En México, el Príncipe se fragmentó, dijo Rhina Roux. Los gobiernos panistas de Vicente Fox y Felipe Calderón no lograron estabilizar una hegemonía neoliberal, y en los estados predominaron los feudos priistas. La violencia militar y criminal que comenzó oficialmente en Michoacán en 2006 (y que en realidad había iniciado antes en Atenco) era signo de que ya no hay hegemonía sino autoritarismo desnudo.

Reconstitución del partido hegemónico y peligro de restauración autoritaria

La falta de organización de la izquierda social y el desdibujamiento cada vez mayor del PRD, que se aproximó al PAN y el PRI y finalmente se desfondó y dividió para dar paso a un nuevo partido controlado por el candidato carismático (Morena), dejaron lugar a que en lugar de buscar un paso adelante, no solo postneoliberal, se impusiera la nostalgia del partido hegemónico y el nacionalismo revolucionario, olvidando que esos polvos hegemónicos nos llevaron a aquellos lodos autoritarios.

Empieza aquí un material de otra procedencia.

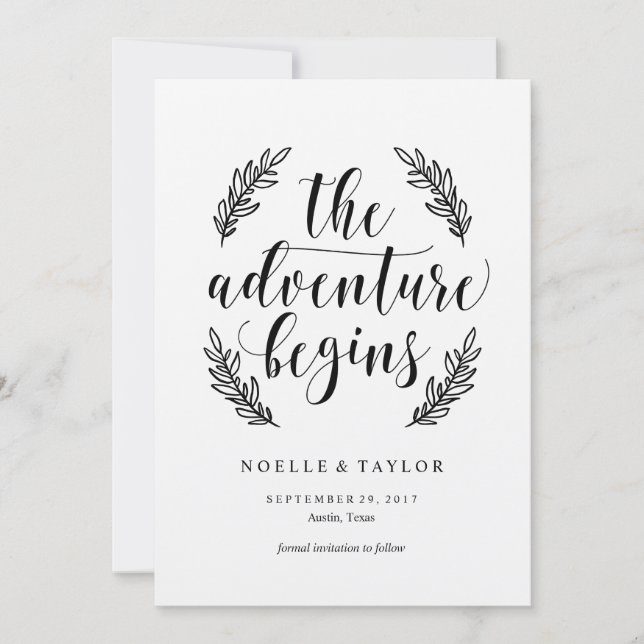 Rustic Save the Date Invitation (Front)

Que la oposición sea hoy impotente para formular una alternativa a la narrativa oficial, y una supuesta opción la intentaran – fallidamente– con otro candidato de discurso empresarial modernizador vacío de ideas como Samuel García, muestra hasta qué punto se reconstituye una hegemonía estatista sin mucha creatividad social. La ex izquierda acepta muchas cosas que criticó cuando era oposición, como la impunidad por los crímenes de la guerra sucia e incluso el maquillaje de cifras de personas desaparecidas. Los discursos críticos son acallados con palabras mordaza como “conservadores”, adversarios” y “defensores de la corrupción”.

La experiencia debería enseñarnos que las hegemonías no son para siempre y que la construcción de rutas únicas lleva a la erosión del componente hegemónico y la desnudez del componente autoritario. A diferencia del partido hegemónico de los años 20 a los 60, en los últimos cuatro sexenios (2006- 2023) ningún partido en el gobierno ha podido construir la paz social, a lo más, han elaborado débiles e inconsistentes justificaciones del fracaso.